You have to pay attention to what's happening because if there's a problem and you have to abort, there are certain things you have to do during certain periods. A lot of people think you're just lying on your back, waiting for it to happen, but not really because every second is something of significance. And during Apollo, we could abort anytime, unlike the Shuttle, which you can't in the early phases. But Apollo had something that you could do in case of a big problem at any time. So you stay on top of it.

Once you leave the darkness of space and you're in lunar orbit, you're right there, you're right on top of it and it's absolutely spectacular. In fact, you know, we set it up – the other crews had chores to do, clean up, housekeeping chores, after getting in lunar orbit. They'd always get behind because there's so much to do, but we set it up so that for the first two hours, we didn't have to do anything except look out the window and take pictures. And it's just marvellous. We'd seen the photos, and studied it, and seen the films from previous crews, but you don't... it's just like anything else.

It's like, you know, if you have only looked at photographs of mountains, then you finally go and actually see them. The magnitude of it, and the variety of the lunar surface. Having studied what you'd expect to see, it's just magnified when you get there and see familiar features because you've studied them. It's a great experience.

The descent is always the critical phase, and the co-ordination and the lunar module have to work exactly right, and the targeting has to be right, and the computer – all these things have to be 100 per cent, and we have to be 100 per cent, too, flying it. It's a very unforgiving situation so you have to be on your best game and the adrenalin is flowing. It all happens very, very quickly.
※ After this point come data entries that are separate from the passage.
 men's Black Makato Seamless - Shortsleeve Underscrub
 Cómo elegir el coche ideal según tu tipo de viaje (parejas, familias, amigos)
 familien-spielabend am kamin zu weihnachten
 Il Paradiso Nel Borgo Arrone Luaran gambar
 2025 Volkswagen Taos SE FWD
Our timeline was such that, after we landed, we either had to get out and do a full day's EVA [extra-vehicular activity], or we had to go to sleep. You're not going to go to sleep right after you land on the Moon, but at the same time, we couldn't do a full EVA, we'd already had a full day. So I'd suggested that we do what we call a "stand-up EVA" in which I would stick my head out the top hatch of the LEM [Lunar Excursion Module], pretty high, and survey the local area.
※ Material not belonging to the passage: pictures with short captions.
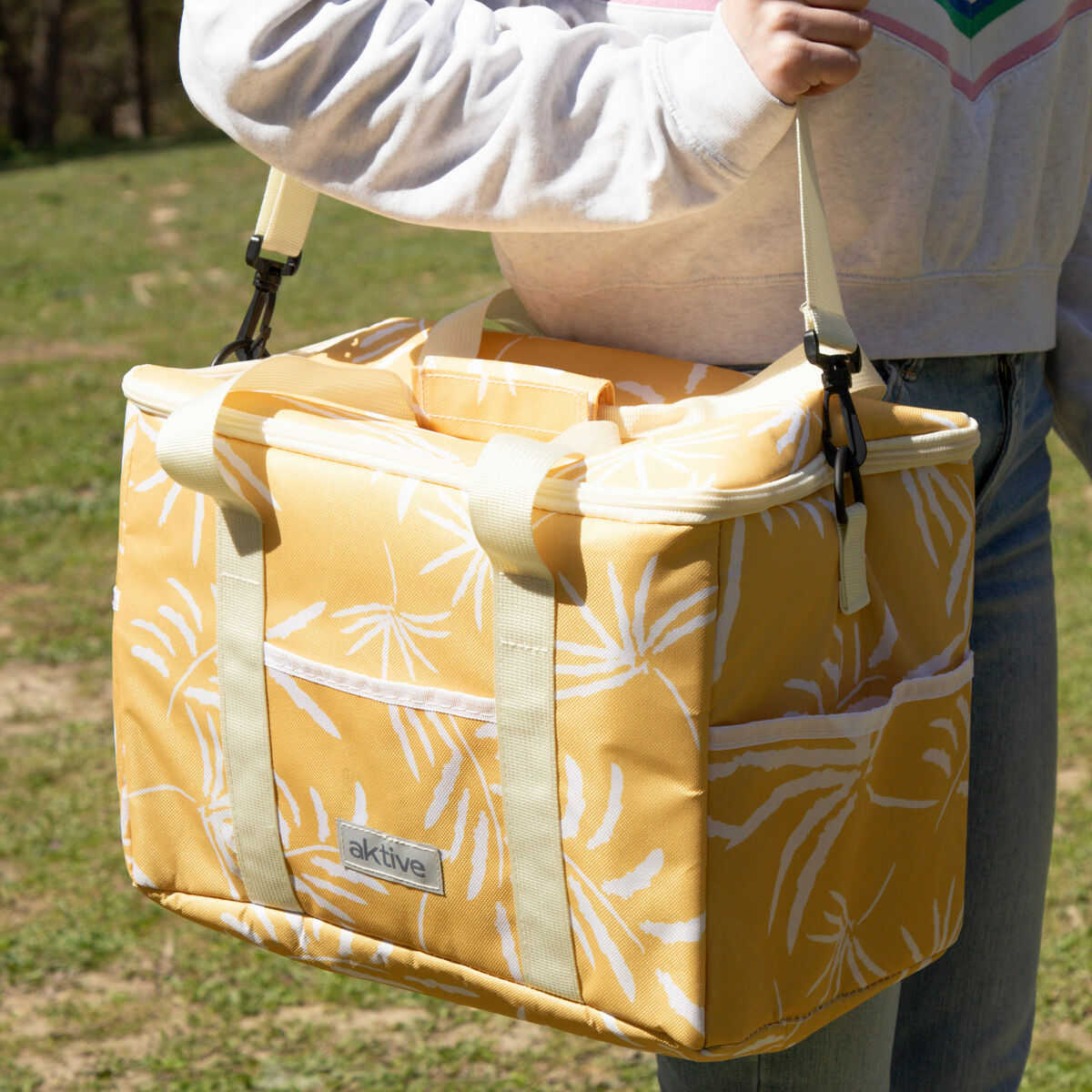 V2H97FDA329CED4D0FD6C41D7910CF379FBR7252198P6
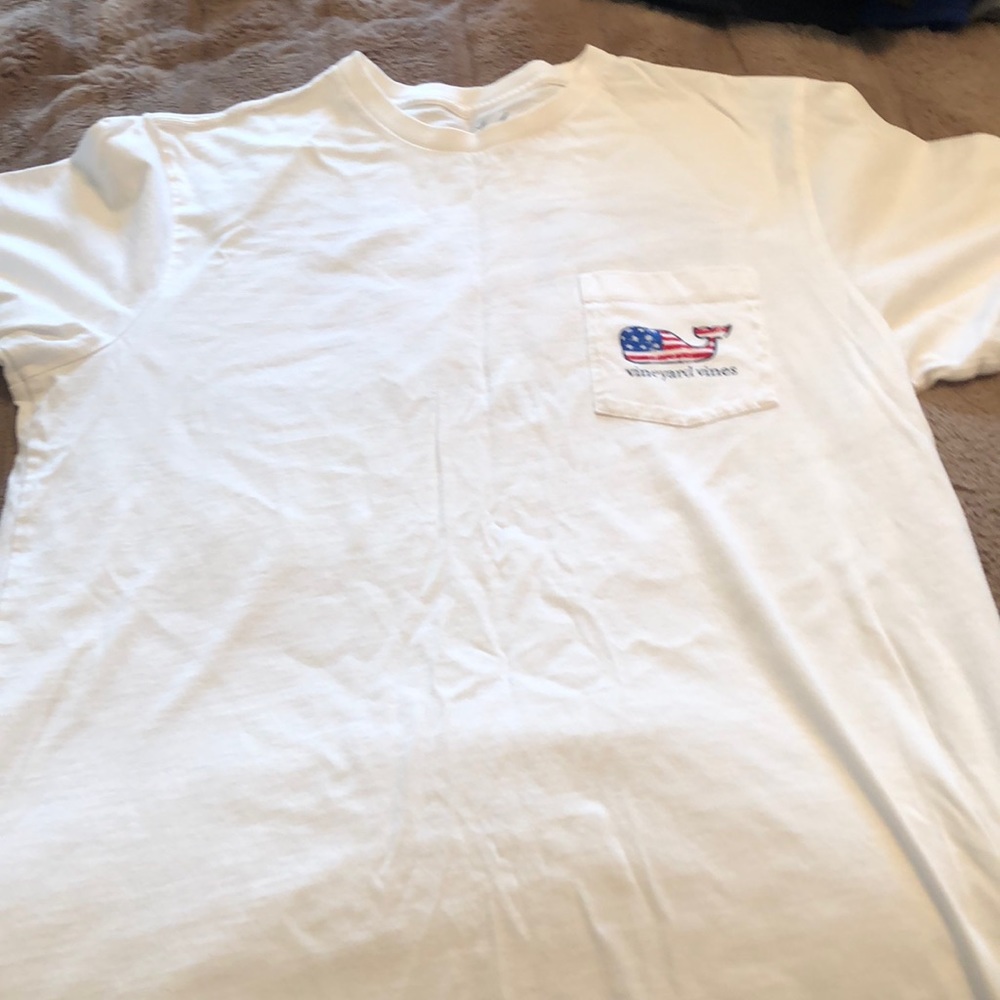 Womens Vineyard Vines tshirt
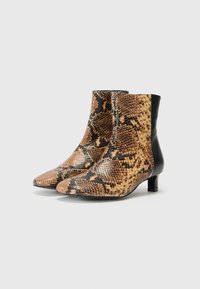 Castañer ASTRID 283 - Botas clássicas de cano curto - black/beige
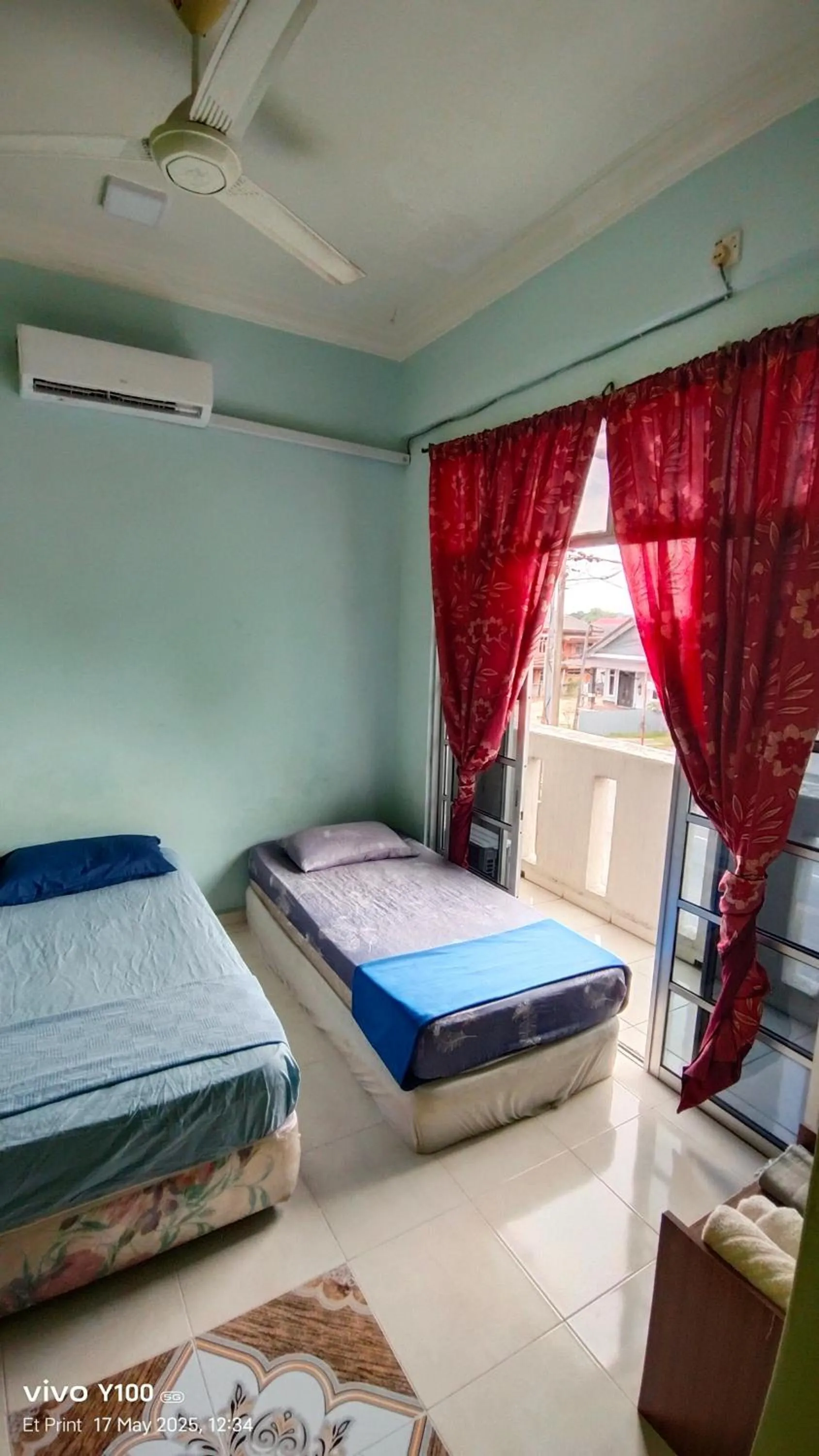Bed in Villa D'Doa Maju
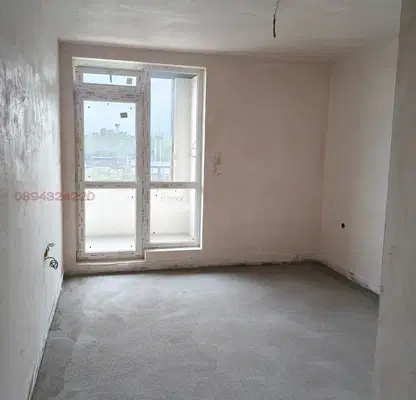 Снимка 4 — Двустаен апартамент с голяма тераса в Тракия, Пловдив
You take it for granted because you have so much to do, but after a while you realise that there's nobody else here on this whole planet. You're the only living things, and it's nice to have the comfort of the pristine environment and no obstructions or interruptions, other than the occasional call from the Cap-Com [mission control in Houston]. You get up the next morning, you turn the light on, and everybody's a little slow, waking up, and you open up one of the shades and look out. I said, "Jim, we're on the Moon". And we were.
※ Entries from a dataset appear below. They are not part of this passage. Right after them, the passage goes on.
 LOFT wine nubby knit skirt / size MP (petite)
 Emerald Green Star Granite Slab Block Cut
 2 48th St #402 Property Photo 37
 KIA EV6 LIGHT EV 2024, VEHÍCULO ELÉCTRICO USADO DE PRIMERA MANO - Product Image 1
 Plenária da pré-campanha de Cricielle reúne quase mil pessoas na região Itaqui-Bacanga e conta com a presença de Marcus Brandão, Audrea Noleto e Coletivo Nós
One of the problems on the Moon is that there's nothing of familiar size – no trees, houses, roads – so it's very difficult to tell a large rock at a great distance from a smaller boulder nearby. You realise that you're standing next to rocks that have been there for 500 million years. You have three intense days, you don't have enough time to do all the things you'd like to do, and then, all of a sudden, you realise that it's over, you know. Your holiday is over. It's time to go home.

It was difficult when we got back because we needed a period of rest, and previous crews had been put in quarantine, which gave them a chance to recover. I tried to get us a quarantine period but the doctors and management said, no, we've done that and there aren't any bugs to worry about, so immediately, when we got back, we got thrown into society again. It was a tough – your neighbour wants to have a party the night you get home and, well, you can't say no.

People always ask, what was it like? It's hard to describe because you can't take them there, and that's why I think, in the future, you need an artist or poet or writer to go and express it for people in terms they can understand better. I think we should think about the Apollo programme as an advance of mankind into the universe, an adventure. It stretched us as far as we could stretch, figuratively and literally, and the technology at the time was barely good enough to make it out there and back safely. I think humans will go back to the Moon and on to Mars. I mean, Star Trek may not be too far fetched, who knows? But it'll be exciting to find out.